I have read that the curvature is invariant under isometry in the general, though I'm urrently reading up a little on symmetric spaces and I've seen that we have
$\nabla R=0$ iff the space is locally symmetric.
But isn't this condition just the statement that curvature is invarient under parallel transport, which is an isometry?
I'm guessing that not all spaces are locally symmetric, but can't seem to figure out where I'm making the mistake.
Best Answer
What is true is that if $f : M \to M$ is an isometry, , $f^*g = g$, and then $f^*\nabla = \nabla$ and consequently this leads to $f^*R = R$. So an isometry of $M$ leaves unvariant the curvature.
But this has nothing to do with parallel transport: say $\gamma : I \to M$ is a smooth path and let $P_t$ be the parallel transport from $\gamma(0)$ to $\gamma(t)$. Then: $$ P_t : \left(T_{\gamma(0)}M,g_{\gamma(0)}\right) \to \left(T_{\gamma(t)}M,g_{\gamma(t)}\right) $$ is a linear isometry. It is not an isometry of $M$.

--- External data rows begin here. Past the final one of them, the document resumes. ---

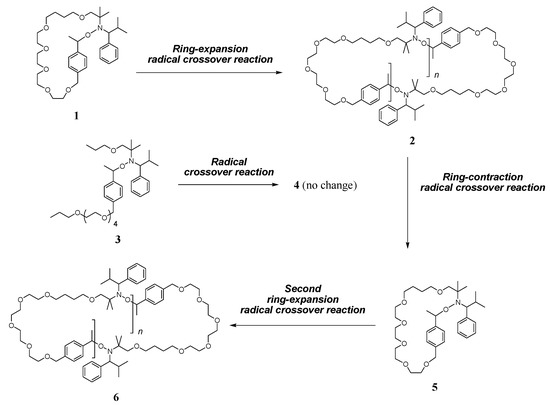 Sommelet-Hauser Rearrangement « Organic Chemistry Reaction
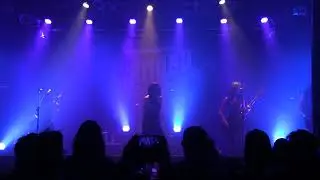 Miss Rabbit - Kick out the Jam (live)
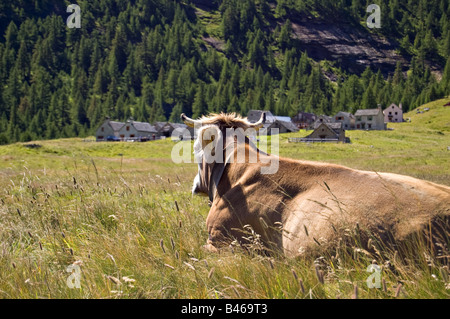 A cow is resting in an alpine pasture, Alpe Veglia italian natural park, Piedmont Italy Stock Photo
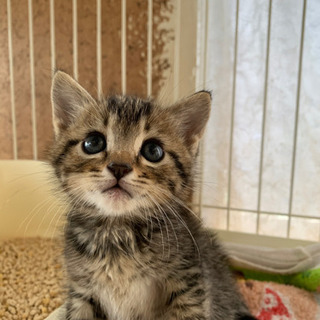 母猫がこの子だけ置き去りしてしまい保護しました。里親様募集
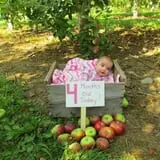 North Star Orchards photo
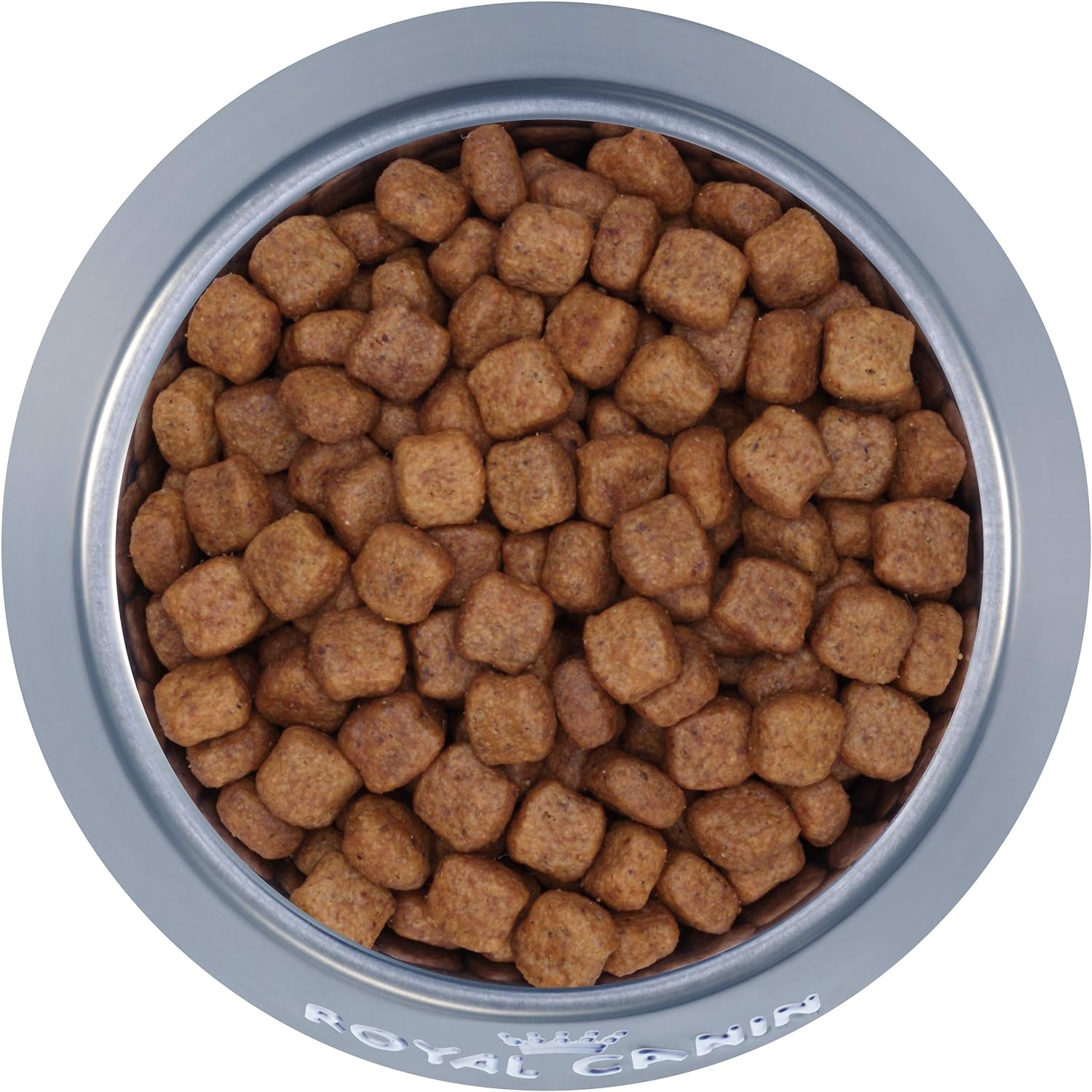 Royal Canin Breed Health Nutrition Dachshund Adult Dry Dog Food, 10 LB -  Dry Dog Food Royal Canin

In fact, on a connected riemannian manifold, any two points can be joined by a smooth path and thus, there are always parallel transport between them. But they may not even exist an isometry of $M$ sending one point to another given one in the general case. This would imply that $M$ is two-point homogeneous and this has huge consequences on the curvature.